Swarming

While these posts have generally been about elevating your debugging abilities to Yoda-like stature, today I will like to riff a bit on swarming.

For those not familiar with the term, swarming refers to assembling a large group of people on a problem in order to come to some kind of resolution. Ideally, a swarm should have the following basic properties:

  1. There should be a decent number of individuals to bring lots of "eyes" on the problem.
  2. There should not be so many humans that a large number of them are sitting idle, twiddling their thumbs.
  3. There should be a wide representation of skills and SMEs (Subject Matter Experts) in the swarm.
  4. There needs to be a good (single!) communication channel for the swarm.

Eyes on the prize

The point of a swarm is to bring different perspectives on a problem. While it is possible to swarm with as little as two people, generally that won't be as effective as a larger group. That said, I have found that the very act of verbalizing a problem to even a single person not intimately familiar with an issue can be a catalyst to uncovering a solution.

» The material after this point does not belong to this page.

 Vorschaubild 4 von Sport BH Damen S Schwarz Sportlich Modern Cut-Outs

Generally an effective swarm will have a half-dozen or so people.

Of course, there is no hard and fast rule here, so it is probably more instructive to grok the basic principle rather than slavishly follow some prescription. The effectiveness of the swarm comes primarily from the different perspectives of the people involved. There will probably be one person that is driving the group (as a master debugger, that may be you). But think of a swarm as a brainstorming exercise, where no idea is "stupid". Get stuff out on the table and look at everything.

Remember that scene in "Apollo 13" where they are trying to figure out how to not kill the astronauts? Someone dumps a bunch of hardware on the table, and the engineers around that table try to figure out a solution to the air scrubbing problem. That was a swarm.

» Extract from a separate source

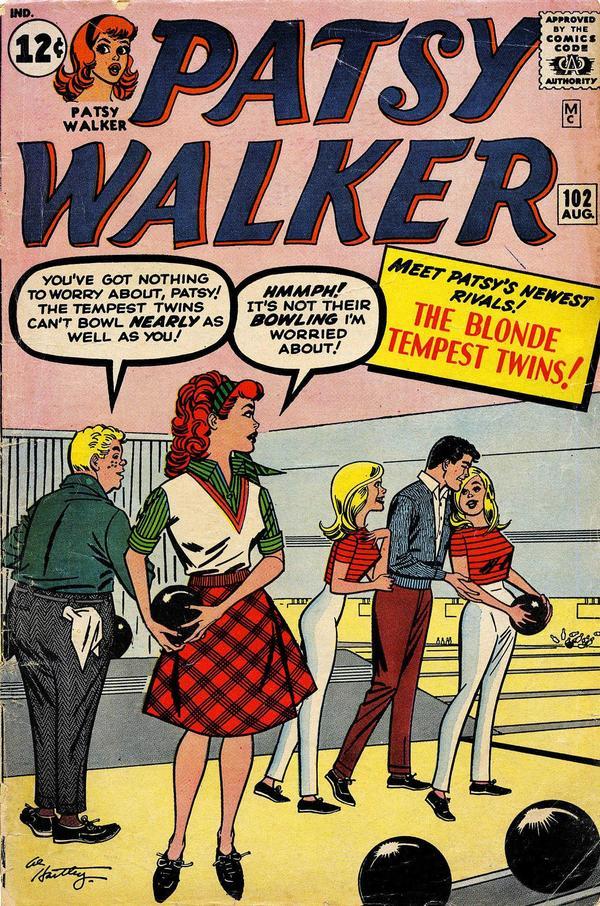 Patsy Walker Vol. 1 #102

On the flip side, a swarm can be too large when a significant number of people are not contributing. This can be a waste of time but, frankly, if a problem is important enough to swarm then maybe that is a cost worth paying. You'll need to decide that for yourself, but when we look at communication later, this might be less of an issue than you may think.

Broad, not deep

A really good swarm will have people with a wide range of skills, and represent a variety of domains. This has two benefits:

  1. Different perspectives often yield insights that you may not have thought of. Even a "silly" question from someone that doesn't know the specific details of an aspect to the problem (note: there are no silly questions!) can uncover a small thread of something that unravels the problem.
  2. Different domains can grease the skids where there is some blocker to moving forward. A manager may not necessarily get the deep technical details of an issue, but can facilitate pulling someone else in to, say, solve a permission or access issue.

A SME can shed light on how something is supposed to work, or how it is supposed to look from a customer perspective, while a team dev might know what gets written to a database table. Correlating this in real-time can often illuminate an issue that might otherwise be missed, and that can lead to finding the solution.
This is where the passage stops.